## [Action item]
Reproduce exactly the lines below from the one containing "jenkins - 图34" through the one containing "神炊館神社 ⁂奥州須賀川総鎮守⁂の御朱印", including both, and nothing else.
------
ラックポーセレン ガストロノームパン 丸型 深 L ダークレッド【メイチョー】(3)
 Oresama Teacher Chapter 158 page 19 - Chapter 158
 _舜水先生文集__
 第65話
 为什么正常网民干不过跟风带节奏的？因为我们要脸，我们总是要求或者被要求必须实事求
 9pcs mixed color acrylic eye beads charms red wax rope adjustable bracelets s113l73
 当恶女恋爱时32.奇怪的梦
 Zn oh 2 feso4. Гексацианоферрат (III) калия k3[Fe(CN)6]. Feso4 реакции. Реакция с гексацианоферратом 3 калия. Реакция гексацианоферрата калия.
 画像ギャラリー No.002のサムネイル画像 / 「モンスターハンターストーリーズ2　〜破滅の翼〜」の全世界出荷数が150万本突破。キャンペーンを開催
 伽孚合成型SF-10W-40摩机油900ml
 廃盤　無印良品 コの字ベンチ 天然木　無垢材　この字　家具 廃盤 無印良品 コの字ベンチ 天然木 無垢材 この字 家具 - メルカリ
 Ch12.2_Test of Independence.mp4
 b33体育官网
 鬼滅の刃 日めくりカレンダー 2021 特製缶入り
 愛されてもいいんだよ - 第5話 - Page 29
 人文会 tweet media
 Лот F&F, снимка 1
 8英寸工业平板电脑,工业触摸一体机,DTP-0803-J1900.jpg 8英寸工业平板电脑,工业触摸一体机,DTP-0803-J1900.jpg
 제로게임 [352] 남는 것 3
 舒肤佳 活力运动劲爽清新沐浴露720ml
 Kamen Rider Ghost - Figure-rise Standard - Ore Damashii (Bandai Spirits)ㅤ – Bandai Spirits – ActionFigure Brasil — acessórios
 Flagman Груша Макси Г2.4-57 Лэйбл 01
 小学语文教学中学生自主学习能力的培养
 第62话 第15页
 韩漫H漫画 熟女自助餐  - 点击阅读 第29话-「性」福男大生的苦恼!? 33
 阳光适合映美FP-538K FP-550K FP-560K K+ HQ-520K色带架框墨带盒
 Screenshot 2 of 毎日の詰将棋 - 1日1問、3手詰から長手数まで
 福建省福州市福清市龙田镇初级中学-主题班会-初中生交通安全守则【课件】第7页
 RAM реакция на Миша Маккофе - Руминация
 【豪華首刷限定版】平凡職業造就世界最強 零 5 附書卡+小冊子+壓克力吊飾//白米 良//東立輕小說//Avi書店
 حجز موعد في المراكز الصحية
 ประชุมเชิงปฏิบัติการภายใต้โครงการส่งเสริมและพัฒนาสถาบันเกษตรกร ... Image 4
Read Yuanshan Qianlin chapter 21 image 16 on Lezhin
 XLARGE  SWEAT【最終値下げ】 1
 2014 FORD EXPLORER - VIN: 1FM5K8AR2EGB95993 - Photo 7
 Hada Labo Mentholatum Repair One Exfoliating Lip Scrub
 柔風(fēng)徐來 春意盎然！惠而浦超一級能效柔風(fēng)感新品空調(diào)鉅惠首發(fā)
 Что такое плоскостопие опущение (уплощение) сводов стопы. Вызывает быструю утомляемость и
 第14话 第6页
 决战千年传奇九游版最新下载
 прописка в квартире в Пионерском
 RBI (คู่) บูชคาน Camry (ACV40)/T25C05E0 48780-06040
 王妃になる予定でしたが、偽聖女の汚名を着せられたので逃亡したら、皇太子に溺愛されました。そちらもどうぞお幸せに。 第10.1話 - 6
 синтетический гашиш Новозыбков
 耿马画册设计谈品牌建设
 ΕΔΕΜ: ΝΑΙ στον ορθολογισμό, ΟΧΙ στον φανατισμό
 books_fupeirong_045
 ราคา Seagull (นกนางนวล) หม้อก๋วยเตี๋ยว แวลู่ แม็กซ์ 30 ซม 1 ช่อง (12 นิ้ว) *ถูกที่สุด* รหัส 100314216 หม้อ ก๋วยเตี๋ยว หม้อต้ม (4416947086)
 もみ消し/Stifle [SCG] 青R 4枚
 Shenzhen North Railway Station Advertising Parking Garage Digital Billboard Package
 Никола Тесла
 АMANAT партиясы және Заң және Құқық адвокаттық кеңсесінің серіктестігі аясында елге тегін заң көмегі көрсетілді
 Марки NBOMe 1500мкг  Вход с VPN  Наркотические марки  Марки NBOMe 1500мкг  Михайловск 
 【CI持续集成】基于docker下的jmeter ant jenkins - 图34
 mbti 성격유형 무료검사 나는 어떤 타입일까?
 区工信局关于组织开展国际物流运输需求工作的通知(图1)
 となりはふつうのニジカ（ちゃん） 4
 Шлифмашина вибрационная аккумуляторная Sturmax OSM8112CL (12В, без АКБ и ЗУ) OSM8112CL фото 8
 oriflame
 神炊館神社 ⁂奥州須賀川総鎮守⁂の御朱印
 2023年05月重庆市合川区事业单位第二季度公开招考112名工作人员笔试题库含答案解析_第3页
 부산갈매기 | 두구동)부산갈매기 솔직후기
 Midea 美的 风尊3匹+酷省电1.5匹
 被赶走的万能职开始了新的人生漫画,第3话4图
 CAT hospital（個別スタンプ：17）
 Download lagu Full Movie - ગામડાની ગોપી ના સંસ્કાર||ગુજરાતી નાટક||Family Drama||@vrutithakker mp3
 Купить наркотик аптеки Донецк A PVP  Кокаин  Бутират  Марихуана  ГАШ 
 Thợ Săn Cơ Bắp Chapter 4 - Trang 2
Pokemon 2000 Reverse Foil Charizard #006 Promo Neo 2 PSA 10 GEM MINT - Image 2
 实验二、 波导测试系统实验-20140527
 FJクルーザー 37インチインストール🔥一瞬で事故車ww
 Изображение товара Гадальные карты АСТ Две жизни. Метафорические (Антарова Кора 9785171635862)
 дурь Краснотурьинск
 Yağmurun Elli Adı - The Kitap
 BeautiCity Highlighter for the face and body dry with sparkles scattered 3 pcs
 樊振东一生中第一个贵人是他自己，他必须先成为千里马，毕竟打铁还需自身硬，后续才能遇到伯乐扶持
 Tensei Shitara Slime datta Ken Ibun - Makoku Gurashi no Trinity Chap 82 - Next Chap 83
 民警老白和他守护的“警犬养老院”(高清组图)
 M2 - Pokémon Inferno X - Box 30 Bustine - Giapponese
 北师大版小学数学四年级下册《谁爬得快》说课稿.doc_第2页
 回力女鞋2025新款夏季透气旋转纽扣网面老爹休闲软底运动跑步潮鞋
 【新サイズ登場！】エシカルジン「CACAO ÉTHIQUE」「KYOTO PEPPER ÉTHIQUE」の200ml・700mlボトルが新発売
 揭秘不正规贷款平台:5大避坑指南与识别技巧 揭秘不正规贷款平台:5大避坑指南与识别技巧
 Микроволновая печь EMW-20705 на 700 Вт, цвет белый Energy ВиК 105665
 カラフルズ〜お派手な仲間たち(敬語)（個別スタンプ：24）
------
## [Completed exercise]
 【CI持续集成】基于docker下的jmeter ant jenkins - 图34
 mbti 성격유형 무료검사 나는 어떤 타입일까?
 区工信局关于组织开展国际物流运输需求工作的通知(图1)
 となりはふつうのニジカ（ちゃん） 4
 Шлифмашина вибрационная аккумуляторная Sturmax OSM8112CL (12В, без АКБ и ЗУ) OSM8112CL фото 8
 oriflame
 神炊館神社 ⁂奥州須賀川総鎮守⁂の御朱印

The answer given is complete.